Some idiot shoots a gun into the air, and someone a mile away is hit by the falling bullet. But that’s karma too.
A lot of people have been talking about “karma” the past week, since President Trump — widely held to have been negligent in his handling of the COVID-19 pandemic — was diagnosed with the disease.
Most literally the word “karma” comes from a root meaning “work” or “deed”, and seems to have expanded to take on the additional connotation of the intention that sets a deed in motion and the consequences that flow from it.
There are many different interpretations in different schools of Buddhism and Hinduism. A lot of people, especially in Western pop culture but in the East as well, think of karma as some sort of “just desserts”.
But a more sophisticated interpretation might be “cause and effect”.
As the Tibetan Buddhist teacher Khandro Rinpoche put it, “We do not believe in a creator but in the causes and conditions that create certain circumstances that then come to fruition. This is called karma. It has nothing to do with judgement; there is no one keeping track of our karma and sending us up above or down below. Karma is simply the wholeness of a cause, or first action, and its effect, or fruition, which then becomes another cause. In fact, one karmic cause can have many fruitions, all of which can cause thousands more creations.”
Now, if something good happens to us, it is very gratifying to think that it is the effect caused by our own good work. And if something bad happens to someone else, it is comforting to think that it is their fault. If bad things happen to good people (not to mention so-so people like most of us), then they might happen to me!
Much more pleasant to believe that life is ultimately fair — whether because of a divine judge doling out rewards and punishments or because the mechanical working of cosmic spiritual forces. That we’re safe from bad things happening and have earned the good things. At least…it’s more pleasant up until the bad things happen.
It’s Not Fair
But causality isn’t personal like that. The results of actions often fall on people other than the actor. Some idiot shoots a gun into the air, and someone a mile away is hit by the falling bullet.

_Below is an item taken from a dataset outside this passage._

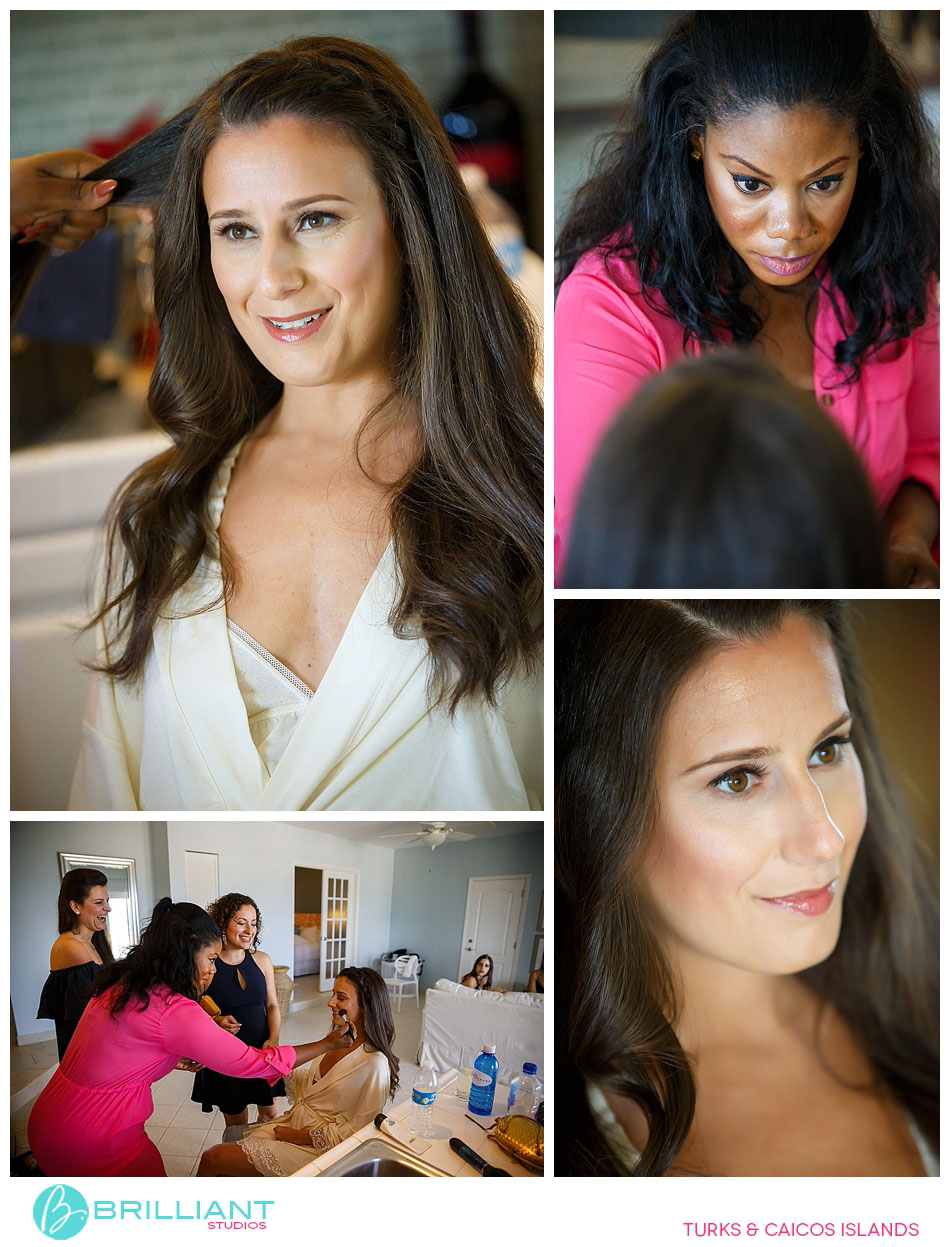 Chanel And Justin'S Beach House Wedding 14 Turks and caicos__4356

There’s an old George Carlin routine where he says that farts eventually float up to a layer of the atmosphere just above the ozone layer, and if the ozone layer were destroyed they would fall back to Earth…and not necessarily onto their original owners. Thus it is with the consequences of all our deeds.

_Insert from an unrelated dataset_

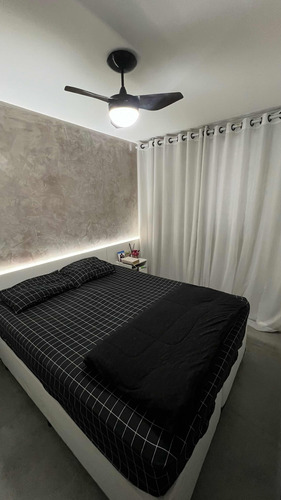 Apartamento Novo Completo 44m2 Jardim Íris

But there are reasons that the spiritual traditions that have achieved power in the world portray karma as personalized. It’s useful for getting people to behave — the most juvenile form of religious ethics, the threat and promise that the gods or the workings of cosmic forces will give you candy if you’re good and a spanking if you’re bad.

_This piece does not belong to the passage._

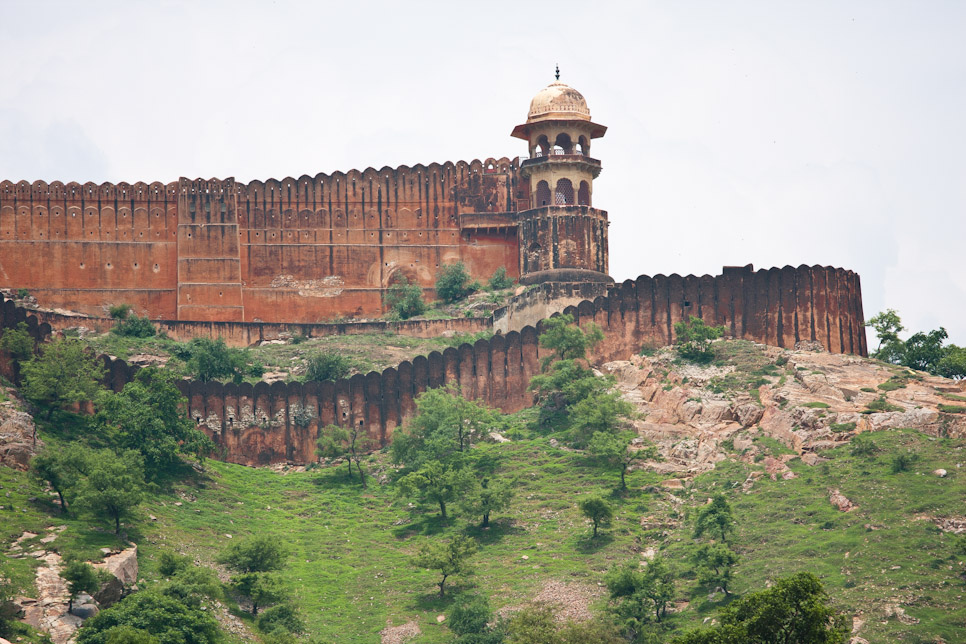 From Delhi to Jaipur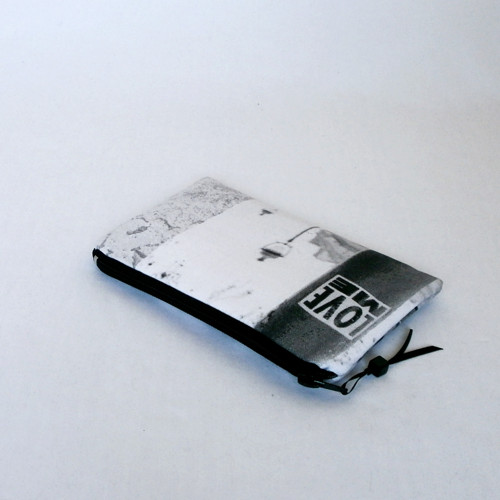 Textilní pouzdo "LOVE ME" VIII — foto 2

And if you are born into a privileged place in society — a aristocratic or priestly caste — and the proles start talking about the system being unfair and how maybe it ought to be overthrown by revolution, it’s useful to have the justification that your current position isn’t just the result of luck but is the workings of cosmic justice.
If you can convince the proles that your privilege is the result of merit accumulated in past lives, then you can get them to believe that if they live lives of virtue — including following the instructions of the priests — they can be born into the privileged castes next time around. But if they try to upset the system, they’re sure to be reborn into the Region of Thud.
Transpersonal Karma
So there are low-level, power-political motives to pretend that karma is a matter of justice. We ought to reject those motives.
But there is something deeper. From a transpersonal point of view, from the experience of the mystic, from the perspective of what the Buddhists call anatman, “no self”, when “you” perform an action and “someone else” suffers the consequences, that “someone else” is not different than “you”.
Many years ago I printed out a quote from Diane Duane’s Star Trek novel Spock’s World and taped it on my apartment wall. In the novel it was attributed to the great Vulcan philosopher Surak:
The spear in the Other’s heart
is the spear in your own:
you are he.There is no other wisdom,
and no other hope for us
but that we grow wise.
Or as another old George Carlin routine put it, “Most of the major religions have said, ‘Love your God, love your neighbor, love your self.’ And then without saying it they meant, ‘Because basically it’s the same guy.'”.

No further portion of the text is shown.